Friday, October 21, 2011
Bangladesh Criminalizing Homelessness!
Category: People PowerWhat does life on the street look like to those sitting in large halls and fed treats on government expenses? Maybe not more than an empty can that can be kicked with feet or squashed under car tires. If that weren’t the case, what else can explain the new legislation approved by the parliament of Bangladesh that risks the safety and wellbeing of 7 million homeless Bangladeshi People?
Called “Vagrants and Shelterless Persons Act 2011”, the law was passed by the parliament on August 25, 2011, and under this new act, police and judicial officers will be authorized to capture and detain suspected “vagrants” for up to 2 years in rehabilitation centers. If they break this confinement, they will be sent to jail for up to three months.
Tossing the term “vagrant” for the homeless is not surprising as targets of prejudice are labeled a derogatory term before making them pay for no crime committed, except poverty and helplessness. Thus, criminalizing the homeless is nothing new; yet, it is as deplorable as ever.
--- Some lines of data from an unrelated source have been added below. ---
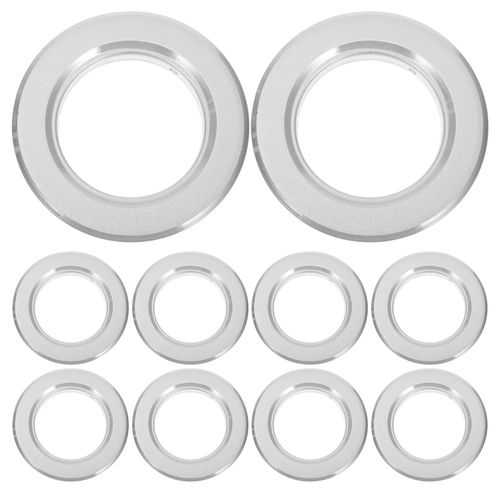 Sosoport 10pcs Stainless Steel Birdhouse Hole Guards Parrot Nest Metal Guards Stainless Steel Protective Ring for Bird Houses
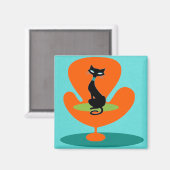 Grondig moderne Katten magneet (Voorkant / Achterkant)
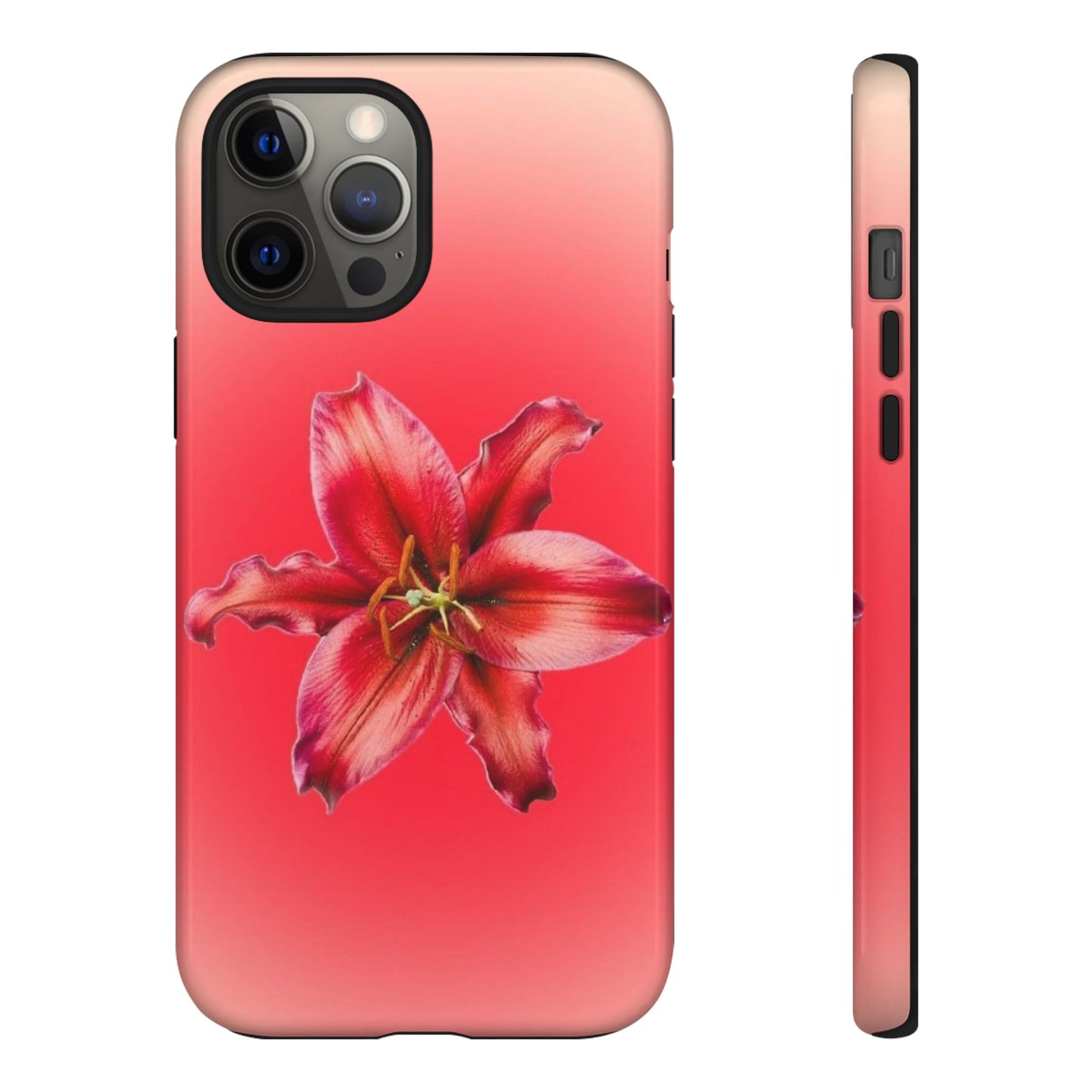 Phone Case - Vibrant Red Lily Glossy & Matte Tough Case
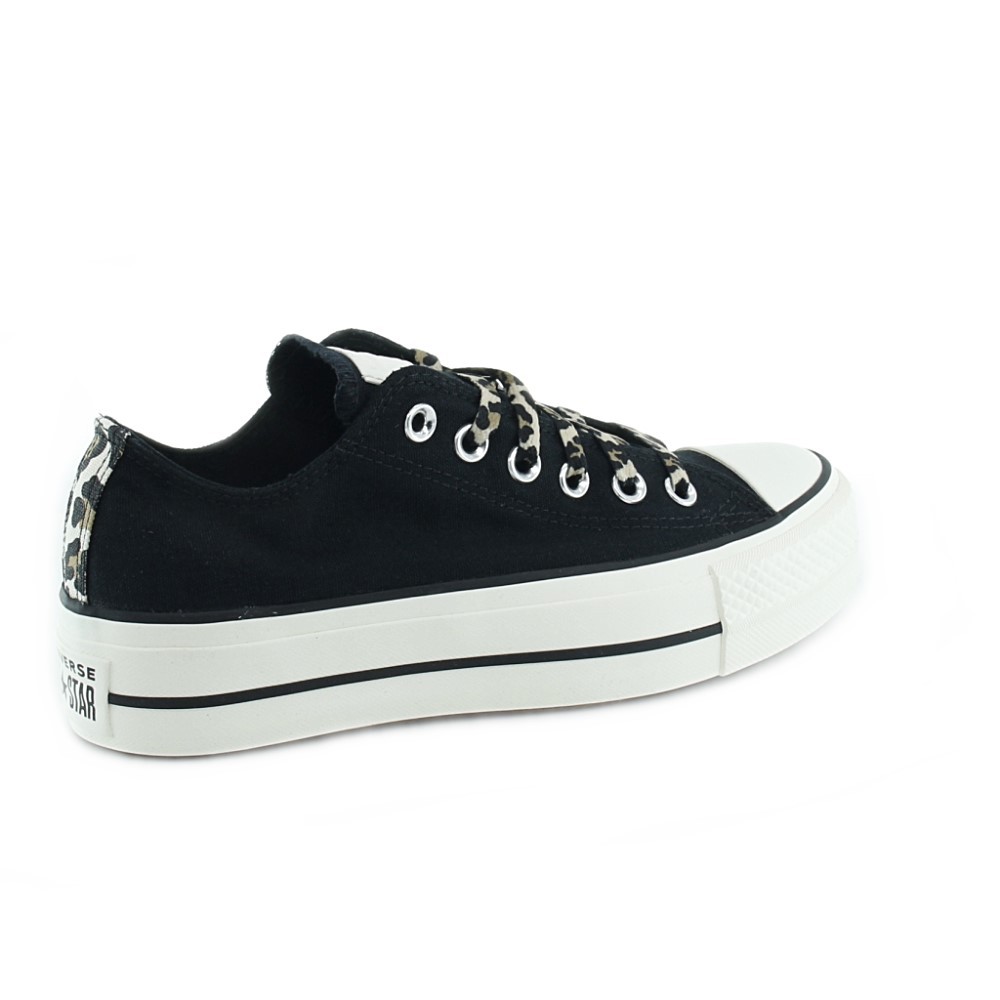 CONVERSE  PLATAFORMA NEGROLEOPARD L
The new law comes in the face of the fact that in the names of rehabilitation, the confined homeless people are subjected to physical and sexual abuse at the hands of management in these rehabilitation centers, as informs The Daily Star.
What is also dehumanizing is that the proposed new rehab shelters will be built with government funds but operated with the money earned by the homeless confined therein—a kind of legalized form of slavery. The National Human Rights Commission (NHRC) of the country has expressed their concern over the new law and it means to urge on the government for reconsidering it. Human rights organizations in general have called the law a violation of the right to live, human dignity, and personal freedom.
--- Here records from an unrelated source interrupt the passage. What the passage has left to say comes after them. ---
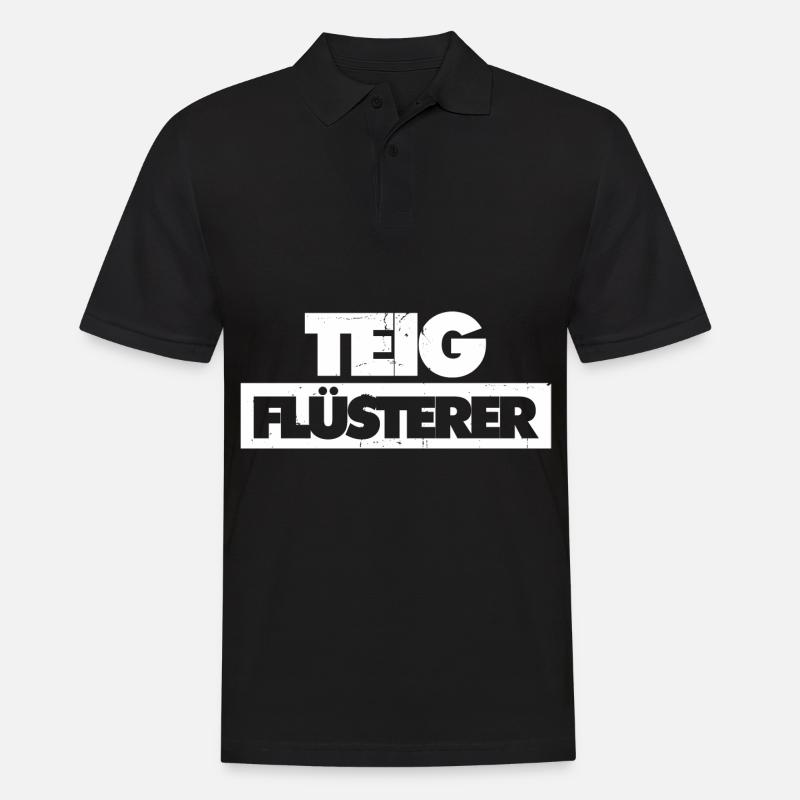 Bäcker Backen Konditor - Männer Poloshirt - Schwarz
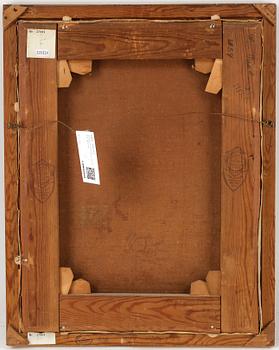 JOHAN OSKAR CANTZLER, olja på duk, 1800-tal.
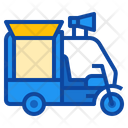 Rickshaw Delivery Megaphone Icon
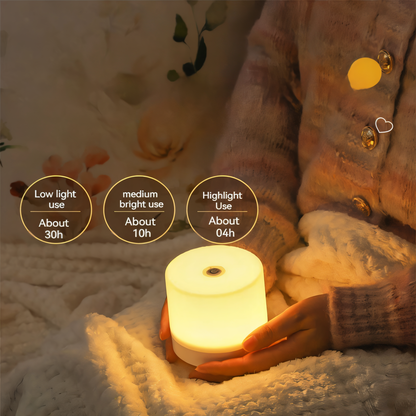 LuminoTap - USB betriebenes zylindrisches Mini-Nachtlicht - Lampe mit Touch-Dimmer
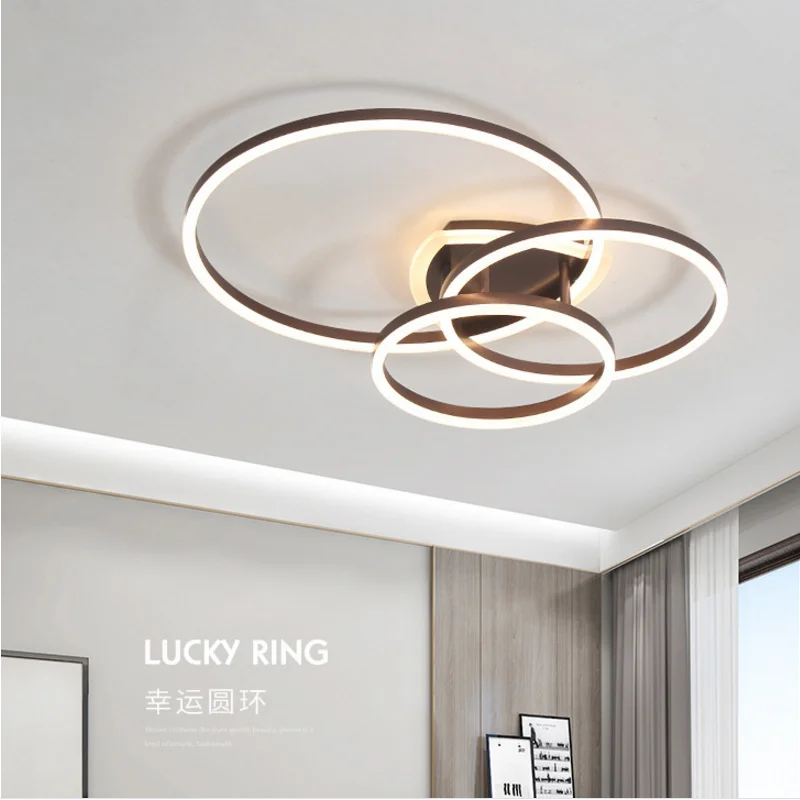 Современный Дизайн Круглый потолочные светильники для Гостиная Спальня бело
As Jay S. Levy, author the book Homeless Narratives & Pretreatment Pathways, said in an interview, homeless people frequently suffer violence and many of them avoid shelter for the fear of threat to their safety that comes with moving into a shelter. The most brutal case of the persecution of the homeless recently made news with the killing of Thomas Kelly, a homeless and mentally ill man, at the hands of Fullerton police in California. The cops beating and electrically stunning him to death on street now face murder charges. But that is in America. Will torture and abuse of the homeless in Bangladesh be noticed, let alone tried for crime? Not much likely!
Care2, meanwhile, has started a petition to demand of the Bangladeshi government for repealing the new legislation that is nothing but “radical violation of the rights of the poor!”